The words in each list are
prefix-compressed to conserve disk space. This is a way of compressing a list of words when many of them share prefixes. For example, say we have three words in the list for a key:
apple application aplomb
We always store the first word in its entirety; each word after that is stored as the number of characters it has in common with the previous word, plus the characters it doesn't share. For long lists of similar words, the compression becomes quite significant. In our example the compressed list is:
Here are some lines from a real edit map file, with the keys in
bold:
- abrd|aboard|2road|2surd|6ist|7ty|6ly
- abre|abbreviated|9ions|0fabre|0laborer|7s
- abrg|aboriginal
- abrh|abraham|7son
- abri|aboriginal|4tion|8s|0cambridge|0fabric|6ated|0labyrinth
- ... and the random-access index at the end of the file ...
- abrd|37
- abre|42
- abrg|16
- abrh|18
- abri|61
Word Frequency Table On disk this is stored as a simple text file with one line per word giving its frequency. The lines are sorted in ascending word order. This structure is read completely into RAM by the correction engine, as we need to potentially evaluate tens of thousands of candidate words per second in a high-volume application.
Here are some lines from a real word frequency file:
- aboard|10
- abolished|19
- abolishing|9
- abolish|8
- abolition|34
- abomination|6
Pair Frequency Table
The correction engine needs to check the frequency of hundreds of thousands of word pairs per second. This implies a need for extremely fast access, so we need to pull the entire data structure into RAM and search it very quickly.
The table exists only in binary (rather than text) form, in a very simple structure. A "hash code" is computed for each pair of words. The hash code is a 64-bit integer that does a good job of characterizing the pair; for two different pairs, the chance of getting the same hash code is vanishingly small. The structure consists of a large array of the all the pairs' hash codes, sorted numerically, plus a frequency count per pair.

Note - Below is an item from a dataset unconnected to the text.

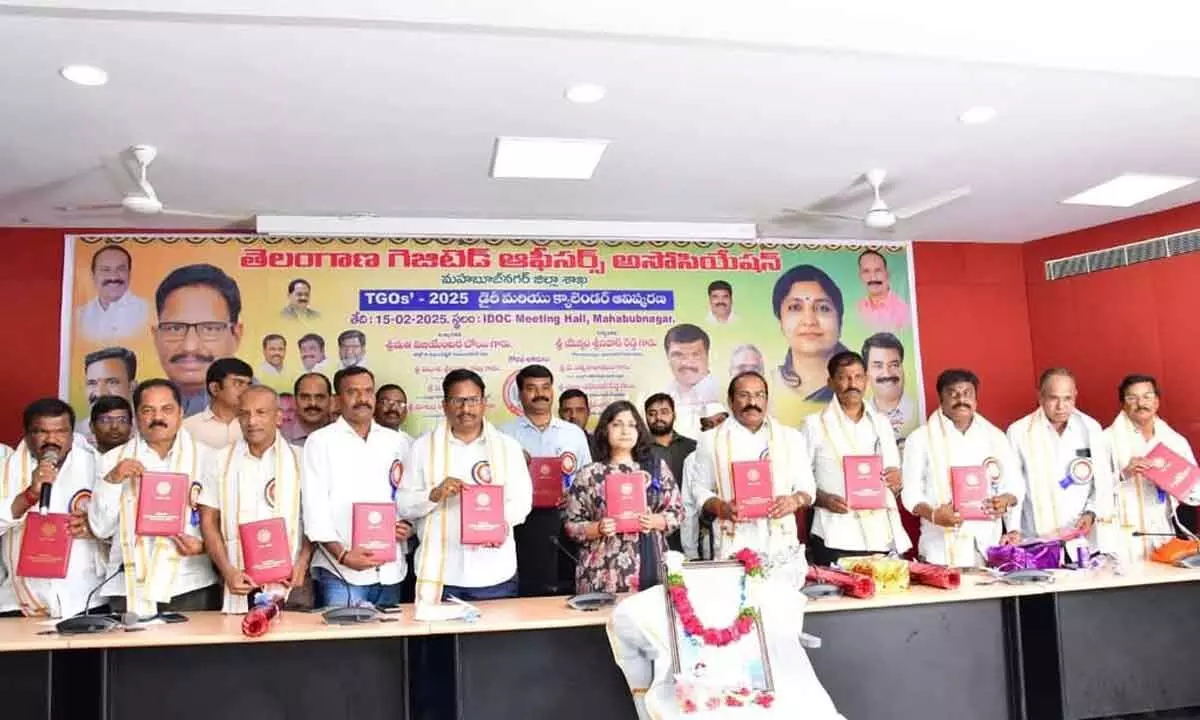 MLA Yennam Srinivas Reddy Unveils TGO Diary, Calls for Employee Unity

This sorted data is amenable to a fast in-memory binary search.
Here's the disk layout:
# bytes |
Description |
8 |
Magic number (identifies this as a pair frequency file) |
4 |
Total number of pairs in the file |
8 |
Hash code of pair 1 |
4 |
... and frequency of pair 1 |
8 |
Hash code of pair 2 |
4 |
... and frequency of pair 2 |
8 |
Hash code of pair 3 |
... |
etc. |
As you can see, we store each pair with exactly 12 bytes: 8 bytes for the 64-bit hash code, and 4 bytes for the 32-bit count. Working with fixed-size chunks makes the code simple, and also keeps the pair data file (and corresponding RAM footprint) relatively small.